__What the task asks__.
Repeat the lines from the line with "女子結婚前,留給父母15萬,離婚後回娘家,推開門後傻了眼" to the line with "Glade refill (auto spray)" in the listing below, keeping both end lines and adding nothing.

*** The data Section Begins ***

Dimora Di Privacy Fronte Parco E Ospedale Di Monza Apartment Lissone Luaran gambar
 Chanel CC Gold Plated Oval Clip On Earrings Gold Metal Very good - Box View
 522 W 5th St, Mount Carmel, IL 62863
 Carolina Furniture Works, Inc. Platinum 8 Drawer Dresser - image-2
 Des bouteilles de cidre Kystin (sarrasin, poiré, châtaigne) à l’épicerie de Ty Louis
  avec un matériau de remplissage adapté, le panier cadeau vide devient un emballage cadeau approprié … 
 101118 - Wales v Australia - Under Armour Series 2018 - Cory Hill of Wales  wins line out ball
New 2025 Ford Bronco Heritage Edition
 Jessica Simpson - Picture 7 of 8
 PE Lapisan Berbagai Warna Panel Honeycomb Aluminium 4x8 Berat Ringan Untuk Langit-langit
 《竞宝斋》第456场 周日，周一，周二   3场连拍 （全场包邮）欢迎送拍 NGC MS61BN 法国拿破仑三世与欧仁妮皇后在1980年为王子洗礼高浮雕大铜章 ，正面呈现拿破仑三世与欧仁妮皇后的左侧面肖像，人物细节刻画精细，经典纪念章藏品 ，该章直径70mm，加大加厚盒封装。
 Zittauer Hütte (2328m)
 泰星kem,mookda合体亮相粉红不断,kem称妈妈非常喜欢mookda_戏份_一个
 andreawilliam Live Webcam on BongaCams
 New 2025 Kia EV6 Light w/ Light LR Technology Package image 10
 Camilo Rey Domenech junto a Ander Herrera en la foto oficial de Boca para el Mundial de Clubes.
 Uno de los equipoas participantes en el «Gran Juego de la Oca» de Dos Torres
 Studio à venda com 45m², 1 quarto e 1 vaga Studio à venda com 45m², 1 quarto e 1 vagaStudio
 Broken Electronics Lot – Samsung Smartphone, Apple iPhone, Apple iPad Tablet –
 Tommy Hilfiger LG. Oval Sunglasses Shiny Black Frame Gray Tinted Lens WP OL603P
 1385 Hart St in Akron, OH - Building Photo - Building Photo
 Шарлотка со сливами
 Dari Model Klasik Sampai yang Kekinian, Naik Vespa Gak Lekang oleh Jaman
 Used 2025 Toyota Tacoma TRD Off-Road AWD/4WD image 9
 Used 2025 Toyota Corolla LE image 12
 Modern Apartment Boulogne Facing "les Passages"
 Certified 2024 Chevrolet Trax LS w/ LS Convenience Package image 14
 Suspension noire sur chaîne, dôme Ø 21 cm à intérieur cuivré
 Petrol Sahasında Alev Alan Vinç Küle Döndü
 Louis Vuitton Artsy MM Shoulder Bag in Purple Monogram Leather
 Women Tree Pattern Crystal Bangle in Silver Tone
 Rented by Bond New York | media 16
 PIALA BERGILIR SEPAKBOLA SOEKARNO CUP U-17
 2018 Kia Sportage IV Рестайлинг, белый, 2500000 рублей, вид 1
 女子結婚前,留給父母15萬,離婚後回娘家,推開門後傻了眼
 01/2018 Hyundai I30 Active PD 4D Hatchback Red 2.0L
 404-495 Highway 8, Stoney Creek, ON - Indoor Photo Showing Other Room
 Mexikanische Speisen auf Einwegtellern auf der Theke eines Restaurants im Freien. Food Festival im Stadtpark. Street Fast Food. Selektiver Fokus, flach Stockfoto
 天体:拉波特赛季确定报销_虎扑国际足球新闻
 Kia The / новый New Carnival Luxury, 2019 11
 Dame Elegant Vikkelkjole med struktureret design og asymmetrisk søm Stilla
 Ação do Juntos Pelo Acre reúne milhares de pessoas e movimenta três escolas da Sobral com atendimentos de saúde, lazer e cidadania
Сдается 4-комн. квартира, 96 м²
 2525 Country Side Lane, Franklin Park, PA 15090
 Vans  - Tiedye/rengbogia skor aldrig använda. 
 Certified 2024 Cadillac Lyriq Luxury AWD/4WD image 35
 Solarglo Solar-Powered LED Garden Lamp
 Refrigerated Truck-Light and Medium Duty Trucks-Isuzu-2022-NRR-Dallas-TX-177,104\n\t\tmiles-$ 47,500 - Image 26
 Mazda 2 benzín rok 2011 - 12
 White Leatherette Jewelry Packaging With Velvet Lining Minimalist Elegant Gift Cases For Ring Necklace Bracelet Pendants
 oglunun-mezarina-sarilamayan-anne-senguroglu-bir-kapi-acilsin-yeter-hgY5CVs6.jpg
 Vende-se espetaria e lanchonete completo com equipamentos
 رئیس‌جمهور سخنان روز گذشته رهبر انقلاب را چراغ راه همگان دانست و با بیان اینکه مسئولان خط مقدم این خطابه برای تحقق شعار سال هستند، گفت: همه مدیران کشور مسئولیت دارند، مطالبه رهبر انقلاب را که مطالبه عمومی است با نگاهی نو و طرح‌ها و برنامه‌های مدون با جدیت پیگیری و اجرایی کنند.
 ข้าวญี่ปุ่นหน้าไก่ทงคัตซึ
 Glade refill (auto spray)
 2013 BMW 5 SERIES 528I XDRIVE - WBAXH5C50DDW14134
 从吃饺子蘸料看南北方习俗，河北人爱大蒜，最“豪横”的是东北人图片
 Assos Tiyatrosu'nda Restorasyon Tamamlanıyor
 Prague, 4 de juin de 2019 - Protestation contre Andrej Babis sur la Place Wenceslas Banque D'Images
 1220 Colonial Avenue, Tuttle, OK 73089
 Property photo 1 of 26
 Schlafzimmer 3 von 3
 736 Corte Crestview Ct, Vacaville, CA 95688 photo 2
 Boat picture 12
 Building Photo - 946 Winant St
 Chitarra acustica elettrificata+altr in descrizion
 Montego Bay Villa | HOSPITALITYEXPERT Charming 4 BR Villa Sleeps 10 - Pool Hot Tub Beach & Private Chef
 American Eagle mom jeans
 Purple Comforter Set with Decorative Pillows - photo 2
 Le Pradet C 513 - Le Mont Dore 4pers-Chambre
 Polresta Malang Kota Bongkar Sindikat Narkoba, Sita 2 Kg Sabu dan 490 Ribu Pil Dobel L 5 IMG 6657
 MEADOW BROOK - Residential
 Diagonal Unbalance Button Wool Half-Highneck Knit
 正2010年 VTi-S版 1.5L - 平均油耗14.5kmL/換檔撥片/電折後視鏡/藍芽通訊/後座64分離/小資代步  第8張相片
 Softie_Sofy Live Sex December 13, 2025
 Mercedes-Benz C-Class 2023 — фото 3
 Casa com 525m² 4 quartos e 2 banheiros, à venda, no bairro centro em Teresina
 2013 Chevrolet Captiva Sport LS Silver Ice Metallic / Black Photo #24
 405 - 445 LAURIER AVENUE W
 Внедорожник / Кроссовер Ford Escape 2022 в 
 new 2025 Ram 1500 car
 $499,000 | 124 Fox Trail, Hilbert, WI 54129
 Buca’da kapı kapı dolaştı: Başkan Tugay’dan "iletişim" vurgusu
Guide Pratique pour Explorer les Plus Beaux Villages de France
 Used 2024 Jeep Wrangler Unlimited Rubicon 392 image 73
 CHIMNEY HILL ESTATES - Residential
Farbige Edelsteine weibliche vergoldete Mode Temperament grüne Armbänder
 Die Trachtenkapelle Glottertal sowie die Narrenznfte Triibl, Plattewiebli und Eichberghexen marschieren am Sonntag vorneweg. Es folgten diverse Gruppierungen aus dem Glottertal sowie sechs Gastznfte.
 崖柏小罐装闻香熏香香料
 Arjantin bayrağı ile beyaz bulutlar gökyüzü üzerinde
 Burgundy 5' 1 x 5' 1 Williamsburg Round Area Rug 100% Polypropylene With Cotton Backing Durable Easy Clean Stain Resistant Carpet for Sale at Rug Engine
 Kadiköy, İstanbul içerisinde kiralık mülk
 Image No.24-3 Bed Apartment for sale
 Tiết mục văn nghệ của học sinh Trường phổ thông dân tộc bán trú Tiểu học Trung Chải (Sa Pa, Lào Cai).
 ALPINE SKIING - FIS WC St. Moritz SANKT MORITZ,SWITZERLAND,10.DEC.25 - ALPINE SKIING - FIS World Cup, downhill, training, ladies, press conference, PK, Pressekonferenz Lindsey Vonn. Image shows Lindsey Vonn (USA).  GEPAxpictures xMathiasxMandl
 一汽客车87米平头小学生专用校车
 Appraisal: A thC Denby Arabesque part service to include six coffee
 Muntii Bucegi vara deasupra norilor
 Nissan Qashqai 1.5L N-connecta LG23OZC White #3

*** The data Section Ends ***

__Answer to the exercise__.
 女子結婚前,留給父母15萬,離婚後回娘家,推開門後傻了眼
 01/2018 Hyundai I30 Active PD 4D Hatchback Red 2.0L
 404-495 Highway 8, Stoney Creek, ON - Indoor Photo Showing Other Room
 Mexikanische Speisen auf Einwegtellern auf der Theke eines Restaurants im Freien. Food Festival im Stadtpark. Street Fast Food. Selektiver Fokus, flach Stockfoto
 天体:拉波特赛季确定报销_虎扑国际足球新闻
 Kia The / новый New Carnival Luxury, 2019 11
 Dame Elegant Vikkelkjole med struktureret design og asymmetrisk søm Stilla
 Ação do Juntos Pelo Acre reúne milhares de pessoas e movimenta três escolas da Sobral com atendimentos de saúde, lazer e cidadania
Сдается 4-комн. квартира, 96 м²
 2525 Country Side Lane, Franklin Park, PA 15090
 Vans  - Tiedye/rengbogia skor aldrig använda. 
 Certified 2024 Cadillac Lyriq Luxury AWD/4WD image 35
 Solarglo Solar-Powered LED Garden Lamp
 Refrigerated Truck-Light and Medium Duty Trucks-Isuzu-2022-NRR-Dallas-TX-177,104\n\t\tmiles-$ 47,500 - Image 26
 Mazda 2 benzín rok 2011 - 12
 White Leatherette Jewelry Packaging With Velvet Lining Minimalist Elegant Gift Cases For Ring Necklace Bracelet Pendants
 oglunun-mezarina-sarilamayan-anne-senguroglu-bir-kapi-acilsin-yeter-hgY5CVs6.jpg
 Vende-se espetaria e lanchonete completo com equipamentos
 رئیس‌جمهور سخنان روز گذشته رهبر انقلاب را چراغ راه همگان دانست و با بیان اینکه مسئولان خط مقدم این خطابه برای تحقق شعار سال هستند، گفت: همه مدیران کشور مسئولیت دارند، مطالبه رهبر انقلاب را که مطالبه عمومی است با نگاهی نو و طرح‌ها و برنامه‌های مدون با جدیت پیگیری و اجرایی کنند.
 ข้าวญี่ปุ่นหน้าไก่ทงคัตซึ
 Glade refill (auto spray)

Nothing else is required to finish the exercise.